(Image-caption web data)
:::

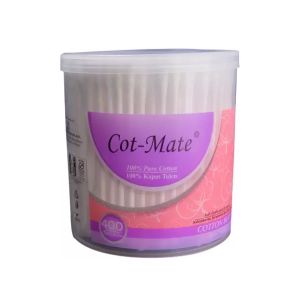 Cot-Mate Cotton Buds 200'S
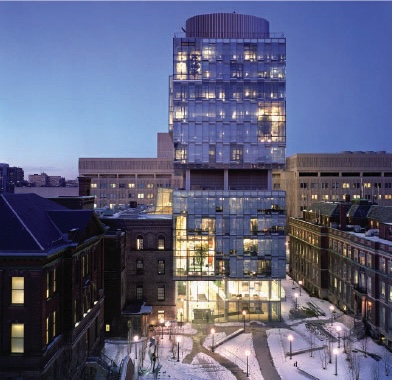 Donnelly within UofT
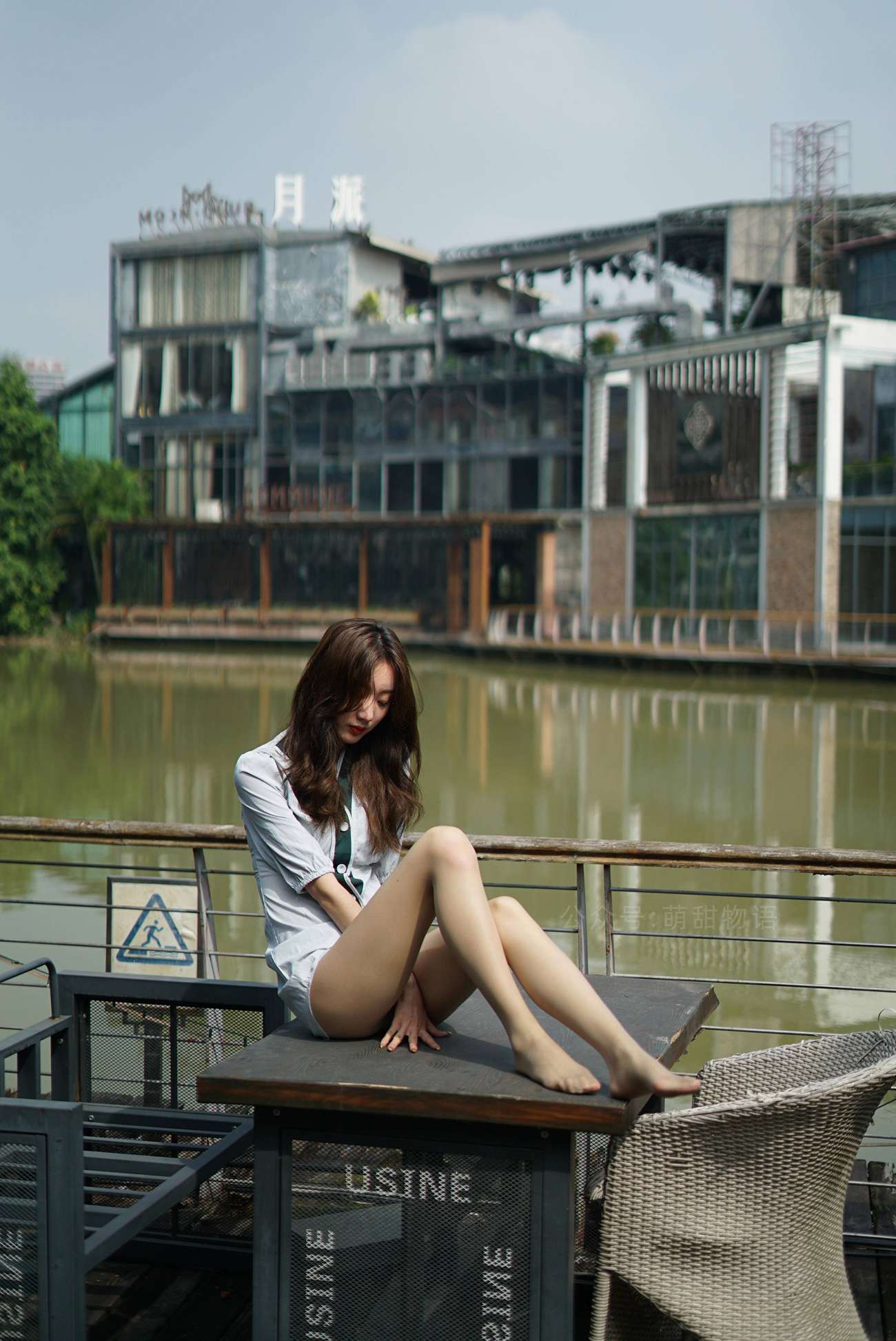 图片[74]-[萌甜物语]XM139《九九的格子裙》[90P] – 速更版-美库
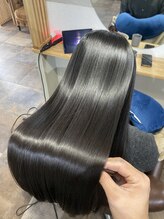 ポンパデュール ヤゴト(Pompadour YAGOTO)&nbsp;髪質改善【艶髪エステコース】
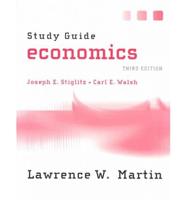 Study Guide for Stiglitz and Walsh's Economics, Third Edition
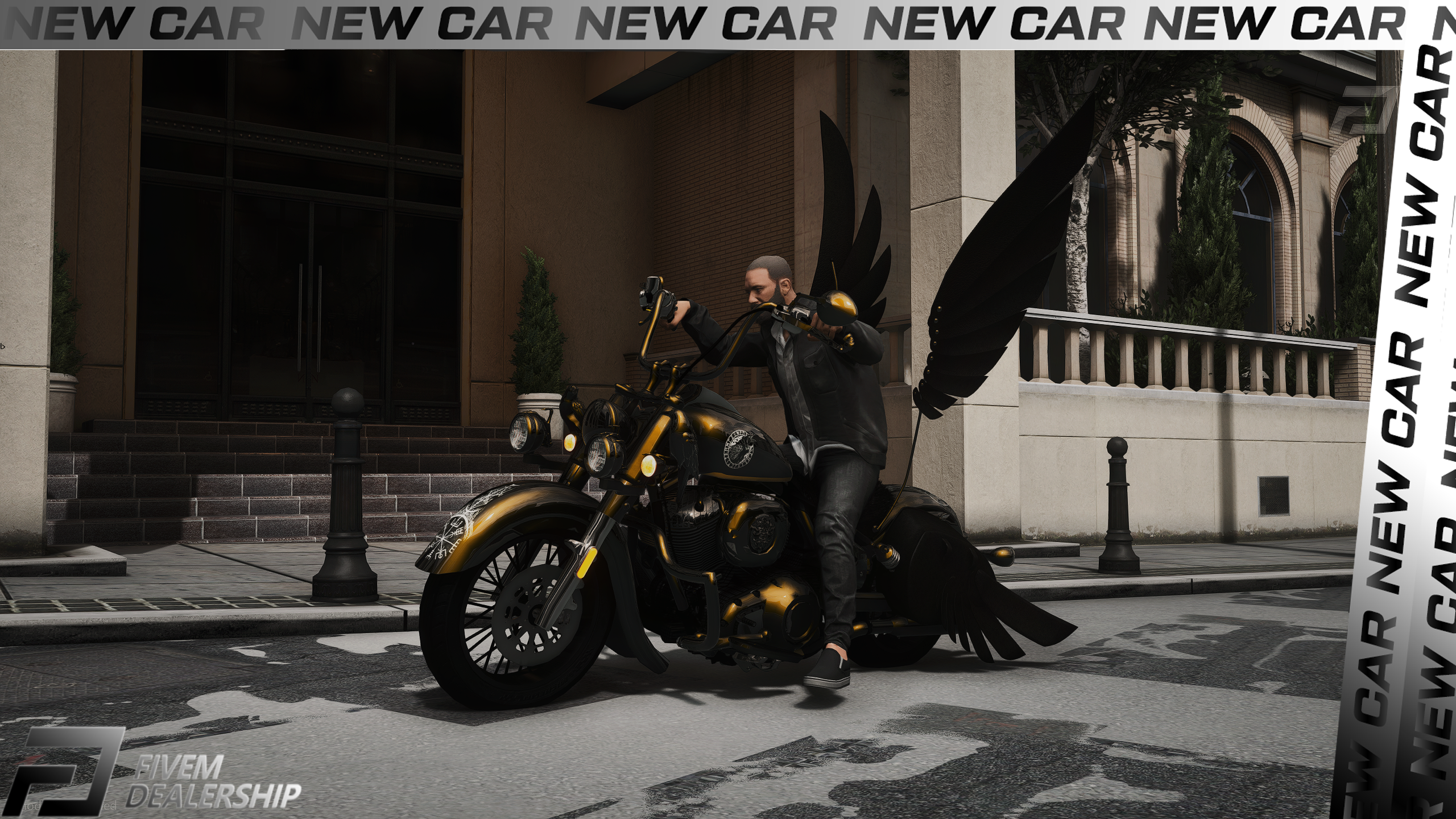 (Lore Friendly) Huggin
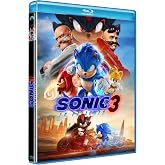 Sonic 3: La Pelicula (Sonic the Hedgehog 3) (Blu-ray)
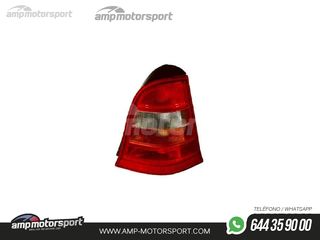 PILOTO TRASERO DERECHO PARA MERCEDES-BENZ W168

:::

## Work instruction
Please reproduce every record exactly as written, excluding the pictures.

## Result
 Cot-Mate Cotton Buds 200'S
 Donnelly within UofT
 图片[74]-[萌甜物语]XM139《九九的格子裙》[90P] – 速更版-美库
 ポンパデュール ヤゴト(Pompadour YAGOTO)&nbsp;髪質改善【艶髪エステコース】
 Study Guide for Stiglitz and Walsh's Economics, Third Edition
 (Lore Friendly) Huggin
 Sonic 3: La Pelicula (Sonic the Hedgehog 3) (Blu-ray)
 PILOTO TRASERO DERECHO PARA MERCEDES-BENZ W168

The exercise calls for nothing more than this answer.